The concept of a "Bumiputra" race in Malaysia was coined by Tunku Abdul Rahman and has its roots in the recognition of the "special position" of the Malays given by the Federal Constitution of Malaysia, in particular Article 153. However, the constitution does not actually use the term "bumiputra", it only contains the definitions of "Malay" and "aborigine", "natives" of Sarawak, and "natives" of Sabah. Thus, there are a number of definitions of "bumiputra" in public use, varying among different institutions, organizations or other government departments and agencies.
According to the book entitled "Buku Panduan Kemasukan ke Institusi Pengajian Tinggi Awam, Program Pengajian Lepasan SPM/Setaraf Sesi Akademik 2007/2008" (Guidebook for entry into public higher learning institutions for SPM/equivalent graduates for academic year 2007/2008), by Student Entry Management under Management Department of Higher Education Institution, Malaysian Higher Education Ministry, Bumiputra are defined as follows depending on the region of origin of the individual applicant student:
"If one of the parents is Muslim Malay or Orang Asli as stated in Article 160 (2) Federal Constitution of Malaysia; thus the child is considered as a Bumiputra"

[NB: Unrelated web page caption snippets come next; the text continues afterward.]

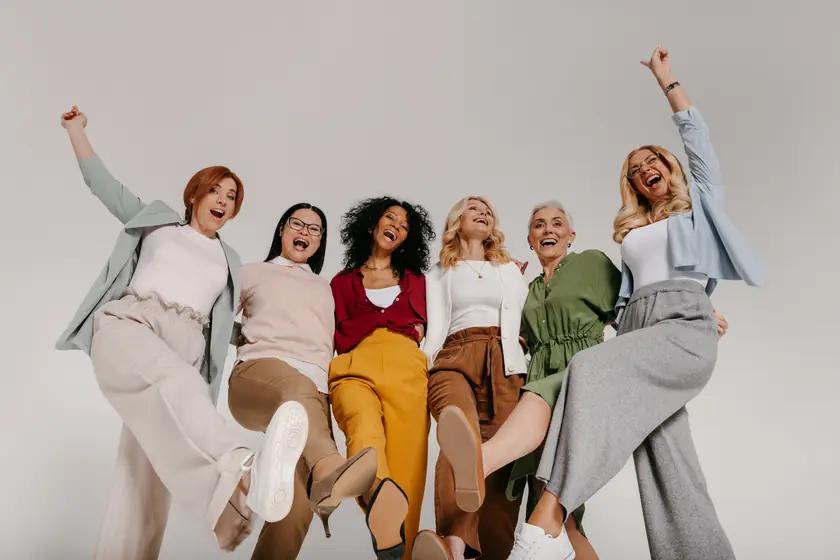 Grupo de mujeres de distintas edades celebrando juntas con alegría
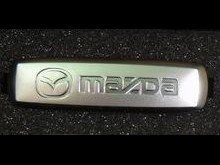 Эмблема Mazda из полированного алюминия для ковриков салона - 1 шт., 18х64 мм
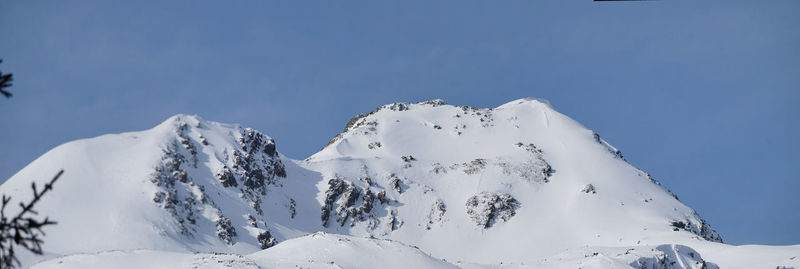 Low angle view of snow covered mountain against blue sky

"If a father is a Muslim Malay or indigenous native of Sabah as stated in Article 160A (6)(a) Federal Constitution of Malaysia; thus his child is considered as a Bumiputra"
"If both of the parent are indigenous native of Sarawak as stated in Article 160A (6)(b) Federal Constitution of Malaysia; thus their child is considered as a Bumiputra"
A little bit about the Malays and the special position.
Article 160 defines a Malay as being one who "professes the religion of Islam, habitually speaks the Malay language, conforms to Malay customs and is the child of at least one parent who was born within the Federation of Malaysia before independence of Malaya on the 31st of August 1957".
The Reid Commission which drafted the Constitution initially proposed that Article 153 expire after 15 years unless renewed by Parliament. This was later struck from the final draft. After the May 13 Incident in 1969, there was an argument within the government concerning whether the special position of the Bumiputras ought to have a sunset clause.
Ismail Abdul Rahman argued that "the question be left to the Malays themselves because ... as more and more Malays became educated and gained self-confidence, they themselves would do away with this 'special position'." Ismail himself viewed the special position as "a slur on the ability of the Malays".
In 1970, however, one member of the Cabinet pronounced that Malay special rights would remain for "hundreds of years to come". Despite calls from Abdullah Ahmad Badawi and his predecessor, Dr.Mahathir bin Mohamad for Malays to depend less on Government handouts and subsidies there is no evidence to show that the special privileges enjoyed by the Bumiputra will be taken away any time soon or at all. On the contrary there has been calls for the privileges to be expanded and extended to cover more areas of their daily lives.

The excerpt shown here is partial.